The composition begins with a soft organ that steadily merges with the aforementioned soft vocals and dainty guitar, but at the ten minute mark, Whitehead’s evil growl emerges from the mix as a crushing blackened doom metal chord is strummed. Robinson’s classical roots betray themselves shortly afterwards as a despondent and mournful string orchestra is juxtaposed against yawning ambiance. The strings nigh-imperceptibly become dissonant until Then It All Came Down lapses into an excruciatingly slow doom metal climax with operatic vocals and screams. The piece ends with an ever-increasing amount of feedback and O’Toole’s hellish screams that fade away into the reappearing orchestra.
Classical music and extreme genres of heavy metal are less disparate than initially beheld; one only has to look at the works of Emperor, Tartaros and Dimmu Borgir to see how easily the baroque genre and black metal intertwine. This is the strength of Wrekmeister Harmonies. Many, many metal bands attempt the album-long composition – from the drone metal of Sunn O))) to the grindcore of Pig Destroyer and Noisear – but rarely is it pulled off with the attention paid to the technicalities of music theory that makes such compositions worth more than a curiosity’s listen. JR Robinson’s work avoids these pitfalls by being extremely aware of what makes music interesting: each passage has its own attack and release, ebb and flow, and even modes and scales. Then It All Came Down seriously rewards multiple listens on behalf of the theoretically inclined.
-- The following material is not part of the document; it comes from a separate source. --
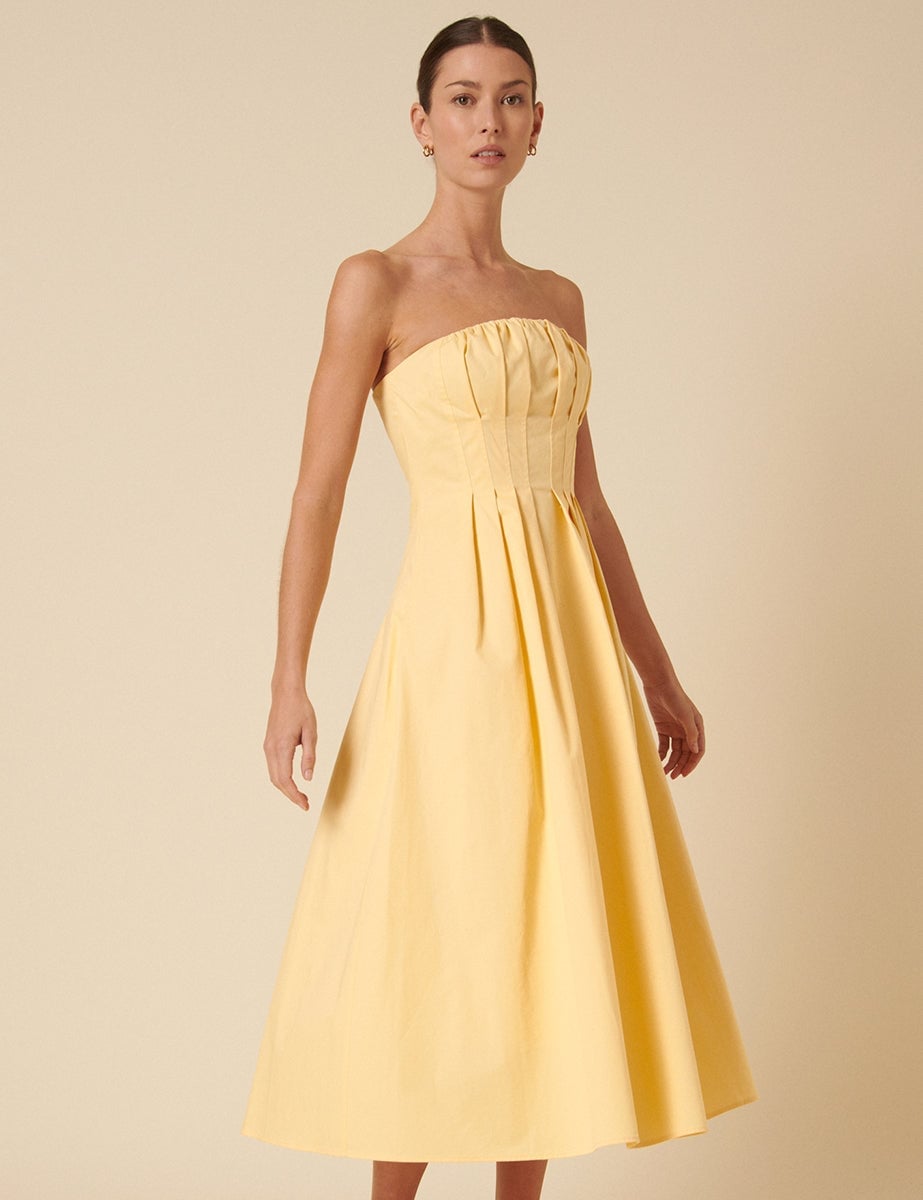 Pale Yellow Strapless Fit-and-Flare Midi Dress Pale Yellow Strapless Fit-and-Flare Midi Dress — Classy Butter Yellow Dress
JR Robinson is one of the most fascinating and worthwhile names in the heavy metal, classical and experimental music formats; not to mention the curious plane where all three meet. Those who heard last year’s You’ve Always Meant So Much To Me will find much of the same of the same elements at play, yet this will bore only those whom were already unimpressed. Then It All Came Down is at once a peaceful, despairing, torrid and longing production, and it is one that will surely lead to more good things in the future.